The veteran linebacker said he’s thinking like one now but “things are fluid here,” meaning things can change. “I’ll always keep those pass rushing skills because I’ve been [a defensive end] since I was young, but mentally I’m a linebacker now.”
He also joked that linebackers are every bit as “crazy” as defensive linemen and they’re “not that far behind”: “Jonathan Goff is crazy,” Kiwi said jokingly about the very soft-spoken middle linebacker. “If he hasn’t said it, I’ll say it.”

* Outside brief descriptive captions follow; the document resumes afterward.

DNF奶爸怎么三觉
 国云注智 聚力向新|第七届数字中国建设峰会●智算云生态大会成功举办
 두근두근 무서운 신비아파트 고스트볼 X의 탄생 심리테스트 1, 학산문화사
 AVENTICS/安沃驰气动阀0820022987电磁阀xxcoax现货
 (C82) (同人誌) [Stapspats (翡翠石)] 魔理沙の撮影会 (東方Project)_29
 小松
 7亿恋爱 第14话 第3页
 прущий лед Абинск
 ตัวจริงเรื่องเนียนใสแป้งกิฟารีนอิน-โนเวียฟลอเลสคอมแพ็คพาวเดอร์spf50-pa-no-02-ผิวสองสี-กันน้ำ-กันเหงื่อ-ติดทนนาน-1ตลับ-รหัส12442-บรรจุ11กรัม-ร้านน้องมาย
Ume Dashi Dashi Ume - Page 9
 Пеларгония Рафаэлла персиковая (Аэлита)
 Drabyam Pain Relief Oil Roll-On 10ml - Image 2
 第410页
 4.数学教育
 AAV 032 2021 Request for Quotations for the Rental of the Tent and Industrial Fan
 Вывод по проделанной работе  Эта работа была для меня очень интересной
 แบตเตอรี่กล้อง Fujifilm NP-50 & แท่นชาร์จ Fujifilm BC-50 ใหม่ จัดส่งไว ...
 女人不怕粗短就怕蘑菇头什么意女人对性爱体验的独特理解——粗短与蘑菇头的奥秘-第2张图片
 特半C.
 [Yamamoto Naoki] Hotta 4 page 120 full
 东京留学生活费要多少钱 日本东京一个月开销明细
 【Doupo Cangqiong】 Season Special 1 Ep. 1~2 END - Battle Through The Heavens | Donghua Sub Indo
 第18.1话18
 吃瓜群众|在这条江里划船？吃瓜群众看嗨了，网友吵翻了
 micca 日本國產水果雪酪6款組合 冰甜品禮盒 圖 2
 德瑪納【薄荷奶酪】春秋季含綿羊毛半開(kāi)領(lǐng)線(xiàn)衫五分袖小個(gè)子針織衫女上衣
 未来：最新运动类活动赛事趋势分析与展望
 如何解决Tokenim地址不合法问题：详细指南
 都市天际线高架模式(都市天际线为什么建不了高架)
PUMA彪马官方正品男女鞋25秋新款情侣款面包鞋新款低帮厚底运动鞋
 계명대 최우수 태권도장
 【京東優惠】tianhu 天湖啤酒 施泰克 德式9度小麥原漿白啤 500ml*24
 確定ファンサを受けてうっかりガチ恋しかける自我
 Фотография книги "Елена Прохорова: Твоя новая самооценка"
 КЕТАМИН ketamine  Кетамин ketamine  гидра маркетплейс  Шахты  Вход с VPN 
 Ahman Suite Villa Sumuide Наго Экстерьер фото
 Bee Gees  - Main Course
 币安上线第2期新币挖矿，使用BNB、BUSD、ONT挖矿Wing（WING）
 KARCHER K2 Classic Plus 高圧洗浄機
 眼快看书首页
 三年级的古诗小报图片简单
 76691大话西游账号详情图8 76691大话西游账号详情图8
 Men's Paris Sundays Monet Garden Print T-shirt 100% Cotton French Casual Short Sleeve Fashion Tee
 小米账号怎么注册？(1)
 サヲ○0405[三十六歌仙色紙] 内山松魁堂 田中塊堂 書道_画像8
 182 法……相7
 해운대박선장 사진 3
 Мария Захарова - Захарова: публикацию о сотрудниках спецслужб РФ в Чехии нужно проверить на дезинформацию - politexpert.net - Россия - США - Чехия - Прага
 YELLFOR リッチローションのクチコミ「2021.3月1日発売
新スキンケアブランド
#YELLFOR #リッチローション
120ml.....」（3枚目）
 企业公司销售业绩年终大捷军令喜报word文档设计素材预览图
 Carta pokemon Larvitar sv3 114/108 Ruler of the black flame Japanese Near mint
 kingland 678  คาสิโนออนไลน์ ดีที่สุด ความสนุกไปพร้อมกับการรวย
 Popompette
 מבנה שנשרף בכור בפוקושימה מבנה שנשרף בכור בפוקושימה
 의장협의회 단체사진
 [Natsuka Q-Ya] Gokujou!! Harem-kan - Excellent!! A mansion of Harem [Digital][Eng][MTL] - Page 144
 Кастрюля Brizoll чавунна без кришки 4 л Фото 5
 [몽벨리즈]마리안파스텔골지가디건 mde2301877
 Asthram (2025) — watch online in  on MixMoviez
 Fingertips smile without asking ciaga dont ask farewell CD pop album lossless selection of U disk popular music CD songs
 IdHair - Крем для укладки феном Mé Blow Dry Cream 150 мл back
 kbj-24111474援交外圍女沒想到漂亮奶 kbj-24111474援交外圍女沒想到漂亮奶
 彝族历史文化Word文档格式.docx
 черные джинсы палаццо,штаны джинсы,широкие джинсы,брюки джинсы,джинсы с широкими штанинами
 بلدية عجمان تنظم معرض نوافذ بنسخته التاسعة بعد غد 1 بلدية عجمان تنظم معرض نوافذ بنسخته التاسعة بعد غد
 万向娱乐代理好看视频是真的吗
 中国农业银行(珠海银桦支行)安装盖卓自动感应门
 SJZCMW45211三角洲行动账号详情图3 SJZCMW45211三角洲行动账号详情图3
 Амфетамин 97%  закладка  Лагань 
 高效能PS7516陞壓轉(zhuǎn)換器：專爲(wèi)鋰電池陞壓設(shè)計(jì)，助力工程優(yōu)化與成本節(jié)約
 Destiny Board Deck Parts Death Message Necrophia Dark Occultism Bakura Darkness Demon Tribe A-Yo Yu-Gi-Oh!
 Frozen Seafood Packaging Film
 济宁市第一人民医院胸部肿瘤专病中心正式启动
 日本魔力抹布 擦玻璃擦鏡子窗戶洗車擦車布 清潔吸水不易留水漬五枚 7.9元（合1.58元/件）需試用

Kiwi had high praise for another fellow linebacker — and fellow Boston College star — Mark Herzlich: “He’s a great kid. It’s great being in the meeting room with him. As a player and individual he personifies what it’s all about, overcoming obstacles [Ewing’s Sarcoma, a bone cancer]. He works hard and has a passion and fire … He’s right on the doorstep [to being his old self again]. If you watch him move around and didn’t know his story, you’d think he was a regular player out there running to the ball. I’m pulling for him and know he’ll be successful.”